B. Sybil attacks and identity
Unlike popular online services, most blockchain-based systems have no central party to verify user identities, remove fake accounts, or patrol spam. While beneficial for privacy, this opens the door to Sybil attacks, where anyone can create multiple pseudonymous accounts to gain disproportionate influence over the system. The ongoing threat of Sybil attacks is a central challenge for building trust and authentic engagement in blockchain-based systems.
Well-designed reputation systems can mitigate the threat of Sybil attacks. First, systems can avoid Sybil attacks through the web of trust model, where a small set of known users slowly invites more users to be peer verified over time. Alternatively, blockchain reputation systems could rely on an external source of identity verification.
In cases where trust is needed but identity is not required, reputation scores can be used to avoid Sybil attacks. In these cases, the mechanism for earning reputation should measure difficult-to-forge value-added through peer verification. This way, an individual has to contribute just as much value regardless of how many accounts they spread the effort over, so there is no added incentive for Sybil attacks.
C. Privacy
In light of its attributes of transparency, censor-resistance, and immutability, blockchain technology can be instrumental to the operations of both personal and global reputation systems, enabling anyone to access and retrieve these scores, in order to compute both a personal and a global reputation score.
However, in order to protect the privacy of users, the reputation system should avoid permanently registering in a blockchain the association between real-world identities and the identities of the reputation system. In addition, users should be aware of the risks of linking real-world identities to their blockchain accounts. Maintaining this separation makes it possible for users to protect their privacy while allowing for anyone interacting within their blockchain-based identity to evaluate the risks of each user in that domain.
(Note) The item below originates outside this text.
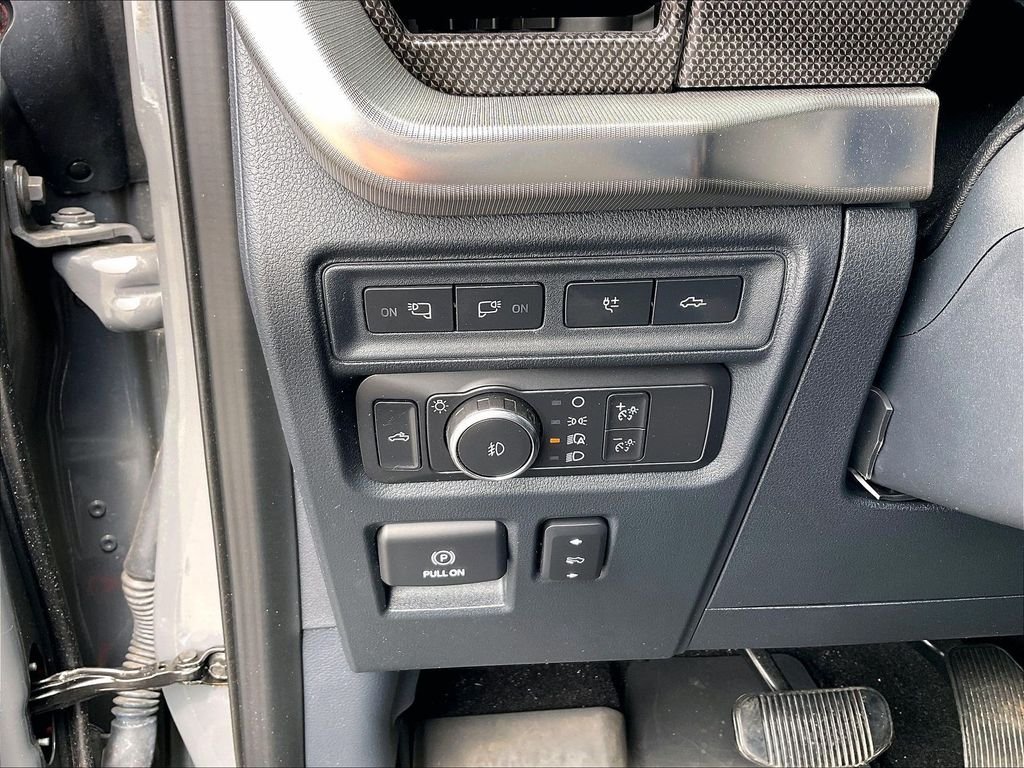 Used 2021 Lead Foot Ford Raptor image 26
This is especially relevant in light of new European General Data Protection Regulation, which provides users with the possibility to request the erasure of specific information deemed inaccurate, inappropriate, or obsolete. Given the immutability of a blockchain, the recording of any type of data that can affect the reputation of a particular persona would potentially violate the provisions of the law, insofar as the persona can be linked back to a real-world identity.
D. Oligarchies and power distribution
The use of reputation systems also raises concerns about power concentration. The creation and consolidation of oligarchies are common in online communities. However, reputation systems might reinforce inequalities in such communities, as powerful actors are more likely to be trusted and increase their reputation while those with low reputation will have fewer opportunities to increase their reputation. Blockchain systems use reputation as a source of economic or political power: these options are explicitly made available in many governance frameworks. Thus, the accumulation of reputation in such blockchain systems might result in even stronger power inequalities than in other online communities.
E. Amplification of social inequalities
It is worth considering the potential biases reputation systems incorporate and reproduce. First, not all activities or contributions are a source of reputation in online communities (Rozas & Gilbert, 2015). Some activities, such as contributing source code to free software projects are explicitly valued in these systems, while others such as community organising, or affective labour, typically carried by women (Iosub et al., 2014) are often invisible to these reputation systems. These types of biases can trigger new forms of inequalities incorporated directly into the algorithms managing a platform, such as higher work time and lower average wage for women in the so-called gig-economy (Barzilay, 2016). We have briefly considered the reproduction of gender inequalities by reputation systems. However, other dimensions of social injustice such as race or class, and their interactions, should also be considered when studying how reputation systems reproduce them.
Conclusion
Coming up with a single definition of reputation is a difficult task, in light of the different ways in which the term has been used over time and in different disciplines. From an empirical standpoint, there are many different typologies of reputation systems (centralised vs. decentralised, personal vs. global), each with their own advantages and drawbacks. We provide here a definition of the term reputation that is specific to the blockchain space and hopefully generic enough to encompass the wide variety of decentralised reputation systems which have been developed so far.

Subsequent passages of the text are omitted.